Una dinamica che oggi si riflette nei parlamenti, dove il confronto tra idee lascia spazio alla contrapposizione, agli slogan, alla lealtà partitica che sostituisce la deliberazione. Anche Freud, in “Psicologia delle masse e analisi dell’Io” (1921), osservava come, nei contesti collettivi, il leader finisca per occupare il posto della coscienza individuale, assumendo una funzione simbolica quasi paterna.
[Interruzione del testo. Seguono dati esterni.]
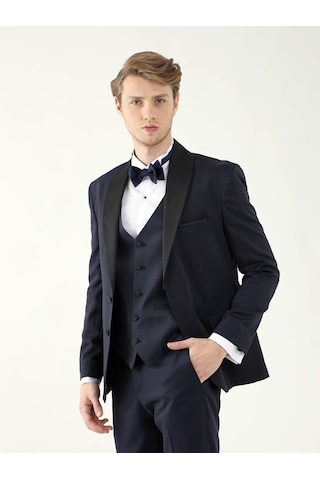 Dufy Lacivert Erkek Slim Fit Sivri Yaka Smokin Takım - 92417 Lacivert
Il consenso si costruisce meno su idee e programmi, più su un’identificazione emotiva che trasforma il leader nell’incarnazione dell’interesse del popolo.
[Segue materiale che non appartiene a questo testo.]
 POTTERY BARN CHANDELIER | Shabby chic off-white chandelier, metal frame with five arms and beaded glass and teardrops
È parte di un processo più ampio: l’erosione del legame tra cittadini e istituzioni, alimentata dalla crisi dei partiti e dalla diffusione di forme di partecipazione “immediata” che, pur promettendo inclusione, semplificano e incentivano giudizi istantanei, più emotivi che riflessivi. I social media amplificano questa tendenza, legittimando l’idea che il giudizio democratico debba esprimersi in tempo reale, sospinto dall’indignazione. In questo contesto, il leader non rappresenta né media, ma si rivolge direttamente al popolo, aggirando i corpi intermedi e costruendo consenso per contrapposizione.
L’altro diventa nemico, e il progetto politico cede alla captatio benevolentiae. Non si tratta di derive episodiche. Sono tendenze trasversali, egualmente visibili in maggioranze e opposizioni, in molte democrazie occidentali: dall’America post-trumpiana a diverse realtà europee. Stessi toni, stessi stili comunicativi, stessa preferenza per il conflitto spettacolare rispetto al confronto razionale. La conseguenza più grave è lo svuotamento della sovranità popolare, ridotta a formula retorica. Da qui l’appello al “governo dei competenti”, alla tecnocrazia come risposta alla crisi politica. Ma è un’illusione pericolosa: anche l’esperto incarna una visione parziale. Sostituire il carisma con la tecnocrazia è solo un’inversione di paradigma. La crisi è prima di tutto culturale: crisi del pensiero complesso, della capacità di gestire la pluralità senza ridurla a slogan. È anche crisi del tempo politico: la pressione elettorale e la rincorsa al consenso immediato impediscono visioni di lungo periodo.
Una democrazia senza profondità rischia di diventare solo esercizio di visibilità. La via d’uscita passa da una rigenerazione della cittadinanza: educazione, pensiero critico, cultura della responsabilità. Una democrazia autentica non si fonda né sulla passività delle folle né sull’isolamento delle élite, ma sulla partecipazione consapevole dei cittadini. La sfida è ricostruire uno spazio pubblico in cui razionalità, giudizio e responsabilità tornino a essere valori condivisi e la democrazia possa recuperare la propria vocazione di essere governo del popolo, per il popolo e con il popolo.